# [Problem details]
Only the count is expected: the number of lines below that contain "from".

(Records supplied Opens)

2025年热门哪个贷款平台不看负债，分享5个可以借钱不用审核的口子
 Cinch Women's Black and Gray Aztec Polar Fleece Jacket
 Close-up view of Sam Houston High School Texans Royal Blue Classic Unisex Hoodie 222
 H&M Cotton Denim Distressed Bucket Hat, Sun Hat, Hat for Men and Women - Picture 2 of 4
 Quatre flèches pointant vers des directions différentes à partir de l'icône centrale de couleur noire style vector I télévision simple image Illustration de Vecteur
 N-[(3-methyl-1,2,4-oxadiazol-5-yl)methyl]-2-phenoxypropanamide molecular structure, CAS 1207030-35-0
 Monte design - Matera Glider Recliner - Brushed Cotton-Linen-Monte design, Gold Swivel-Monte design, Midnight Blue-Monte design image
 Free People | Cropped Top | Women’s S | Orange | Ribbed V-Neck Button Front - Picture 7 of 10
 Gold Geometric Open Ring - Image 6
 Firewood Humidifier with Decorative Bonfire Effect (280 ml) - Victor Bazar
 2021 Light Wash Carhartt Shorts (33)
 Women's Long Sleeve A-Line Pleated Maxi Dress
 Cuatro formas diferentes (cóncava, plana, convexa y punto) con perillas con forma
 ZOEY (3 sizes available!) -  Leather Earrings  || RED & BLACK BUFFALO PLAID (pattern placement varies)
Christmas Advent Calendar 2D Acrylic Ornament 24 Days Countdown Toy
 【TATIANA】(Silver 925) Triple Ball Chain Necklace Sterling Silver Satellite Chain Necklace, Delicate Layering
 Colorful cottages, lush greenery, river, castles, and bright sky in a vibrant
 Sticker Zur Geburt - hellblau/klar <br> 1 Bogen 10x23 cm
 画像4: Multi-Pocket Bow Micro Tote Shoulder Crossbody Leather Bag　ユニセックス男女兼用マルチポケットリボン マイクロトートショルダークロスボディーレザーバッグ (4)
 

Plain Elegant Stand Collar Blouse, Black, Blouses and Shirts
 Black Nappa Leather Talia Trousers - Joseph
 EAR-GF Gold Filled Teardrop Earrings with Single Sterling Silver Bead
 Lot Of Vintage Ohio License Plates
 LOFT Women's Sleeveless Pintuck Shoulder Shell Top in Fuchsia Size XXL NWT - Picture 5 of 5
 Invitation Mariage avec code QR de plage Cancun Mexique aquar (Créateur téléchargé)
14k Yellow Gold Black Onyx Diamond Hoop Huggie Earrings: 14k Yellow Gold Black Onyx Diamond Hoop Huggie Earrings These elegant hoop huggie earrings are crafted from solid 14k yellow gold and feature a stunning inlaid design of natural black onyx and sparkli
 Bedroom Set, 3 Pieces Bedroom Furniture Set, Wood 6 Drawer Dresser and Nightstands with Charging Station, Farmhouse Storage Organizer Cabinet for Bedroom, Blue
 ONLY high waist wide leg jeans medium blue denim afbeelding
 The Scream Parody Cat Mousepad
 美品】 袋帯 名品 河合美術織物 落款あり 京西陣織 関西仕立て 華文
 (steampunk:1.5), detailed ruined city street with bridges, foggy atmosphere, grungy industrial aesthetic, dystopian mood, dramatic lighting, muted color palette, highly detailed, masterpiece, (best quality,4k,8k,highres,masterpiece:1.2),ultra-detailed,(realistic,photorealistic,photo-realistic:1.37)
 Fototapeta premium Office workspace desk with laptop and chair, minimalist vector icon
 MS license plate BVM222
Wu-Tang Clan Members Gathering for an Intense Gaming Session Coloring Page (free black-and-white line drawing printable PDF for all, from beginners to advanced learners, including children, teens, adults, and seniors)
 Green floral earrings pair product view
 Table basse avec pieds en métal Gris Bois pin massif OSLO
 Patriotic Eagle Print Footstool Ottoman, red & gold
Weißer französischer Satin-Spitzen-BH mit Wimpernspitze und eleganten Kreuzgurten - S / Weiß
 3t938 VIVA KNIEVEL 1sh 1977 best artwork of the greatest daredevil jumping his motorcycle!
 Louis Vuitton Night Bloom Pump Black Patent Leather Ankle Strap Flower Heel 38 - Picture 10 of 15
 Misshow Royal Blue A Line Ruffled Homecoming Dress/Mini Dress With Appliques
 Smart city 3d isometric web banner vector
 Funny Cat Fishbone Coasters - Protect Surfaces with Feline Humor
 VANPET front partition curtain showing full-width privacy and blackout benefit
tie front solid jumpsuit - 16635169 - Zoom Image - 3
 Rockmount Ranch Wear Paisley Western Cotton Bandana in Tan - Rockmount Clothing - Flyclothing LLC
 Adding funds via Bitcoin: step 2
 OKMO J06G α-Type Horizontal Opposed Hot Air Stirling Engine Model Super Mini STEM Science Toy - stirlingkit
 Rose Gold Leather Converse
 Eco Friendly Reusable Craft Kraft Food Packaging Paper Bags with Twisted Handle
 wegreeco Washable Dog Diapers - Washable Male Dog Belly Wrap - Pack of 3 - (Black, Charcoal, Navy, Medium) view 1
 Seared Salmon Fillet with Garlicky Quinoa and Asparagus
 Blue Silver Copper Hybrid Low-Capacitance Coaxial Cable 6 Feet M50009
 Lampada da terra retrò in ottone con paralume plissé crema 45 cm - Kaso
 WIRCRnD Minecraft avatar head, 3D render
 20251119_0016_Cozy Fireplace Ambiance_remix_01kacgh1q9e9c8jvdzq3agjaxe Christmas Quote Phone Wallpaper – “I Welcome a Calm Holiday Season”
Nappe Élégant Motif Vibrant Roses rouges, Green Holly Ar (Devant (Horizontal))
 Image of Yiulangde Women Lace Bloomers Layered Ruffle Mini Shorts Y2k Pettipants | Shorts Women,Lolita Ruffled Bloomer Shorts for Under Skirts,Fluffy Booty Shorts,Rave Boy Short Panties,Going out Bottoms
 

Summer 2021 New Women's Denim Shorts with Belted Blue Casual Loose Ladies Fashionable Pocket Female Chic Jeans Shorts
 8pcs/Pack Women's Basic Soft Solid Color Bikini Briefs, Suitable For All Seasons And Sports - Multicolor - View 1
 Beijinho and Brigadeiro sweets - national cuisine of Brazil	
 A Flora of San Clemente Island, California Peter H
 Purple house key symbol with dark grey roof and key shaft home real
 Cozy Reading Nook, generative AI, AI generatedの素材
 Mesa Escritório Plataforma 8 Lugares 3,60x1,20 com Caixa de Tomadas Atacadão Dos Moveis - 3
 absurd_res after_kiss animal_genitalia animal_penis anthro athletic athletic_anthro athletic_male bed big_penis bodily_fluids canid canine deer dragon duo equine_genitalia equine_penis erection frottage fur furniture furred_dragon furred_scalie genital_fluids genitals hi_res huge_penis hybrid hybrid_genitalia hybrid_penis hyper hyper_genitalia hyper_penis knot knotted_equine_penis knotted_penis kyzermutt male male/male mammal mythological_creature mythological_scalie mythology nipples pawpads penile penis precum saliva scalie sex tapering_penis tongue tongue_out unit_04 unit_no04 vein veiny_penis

(Records supplied Closes)

# [Task output]
2